Re: [HACKERS] Sum aggregate calculation for single precsion real

2017-02-17 Thread Tom Lane
Robert Haas  writes:
> On Fri, Feb 17, 2017 at 6:51 AM, Greg Stark  wrote:
>> Moreover, it wouldn't be hard to make sum(float4) use a float8 as an
>> accumulator and then cast to float4 for the final state. That would be
>> 100% compatible with the existing behaviour aside from producing more
>> accurate results.

> Sure, but if somebody wants that, they can get it already just by a
> minor change to the SQL.  The point is that adding up float4 as float4
> is a reasonable thing to do.  Adding it as float8 might also be a
> reasonable thing to do, but nobody's keeping anybody from doing that.

Also, if we changed sum(float4) to work that way, it would become very
hard to sum float4 in float4 --- you'd pretty much have to build your
own aggregate function, which is a lot harder than just inserting a
cast.  The argument for changing this boils down to "nobody would ever
want that", which I do not think I buy.  It's been a long time since
I studied numerical analysis, but I think there are applications where
you do want to do that.

regards, tom lane


-- 
Sent via pgsql-hackers mailing list (pgsql-hackers@postgresql.org)
To make changes to your subscription:
http://www.postgresql.org/mailpref/pgsql-hackers


Re: [HACKERS] Sum aggregate calculation for single precsion real

2017-02-17 Thread Robert Haas
On Fri, Feb 17, 2017 at 6:51 AM, Greg Stark  wrote:
> On 15 February 2017 at 12:52, Robert Haas  wrote:
>> Personally, I find it somewhere in the middle: I think the way it
>> works now is reasonable, and I think what he wants would have been
>> reasonable as well.  However, I find it hard to believe it would be
>> worth changing now on backward compatibility grounds.
>
> Honestly I was quite surprised to discover that sum(float4) worked
> this way because I assumed it followed the same pattern as integers.
>
> But I wonder what you mean by backward compatibility grounds.
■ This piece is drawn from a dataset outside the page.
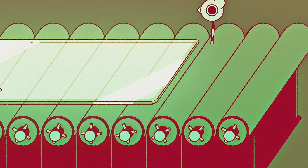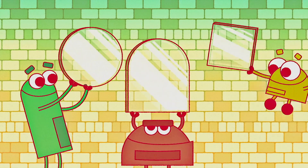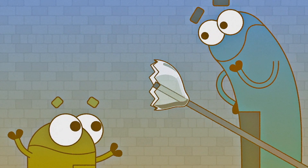No bubbles or lumps. And once it's hard, we use special tools to cut it to any size you want it. When you mix sand with other stuff and get it super hot, once it cools, tell me what you got — you got glass!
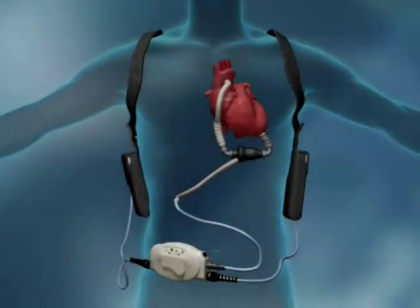The external system components of the HeartMate 2 include a small, flexible, percutaneous cable that provides power to the pump and is designed to accommodate patient activity, the system controller which controls pump operation, and the batteries, which may be conveniently worn in holsters and enable the patient to resume normal daily activities.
If
> sum(float4) returned a float8 the only compatibility issue would be
> someone who did "create table as" and then expected to get a float4
> column and instead got a float8 column. That seems like a much more
> minor corner case than most any other backward incompatible change in
> any release.

That is what I mean, yes.  Plus somebody could have a view defined,
and the types would change.  I think it's only possible to consider
that kind of thing as minor because most people don't use float4 for
anything.  Changing the SQL types of things tends to result in fairly
wide-ranging SQL breakage.

> Moreover, it wouldn't be hard to make sum(float4) use a float8 as an
> accumulator and then cast to float4 for the final state. That would be
> 100% compatible with the existing behaviour aside from producing more
> accurate results.

Sure, but if somebody wants that, they can get it already just by a
minor change to the SQL.  The point is that adding up float4 as float4
is a reasonable thing to do.  Adding it as float8 might also be a
reasonable thing to do, but nobody's keeping anybody from doing that.
It's just not the behavior you get out of the box.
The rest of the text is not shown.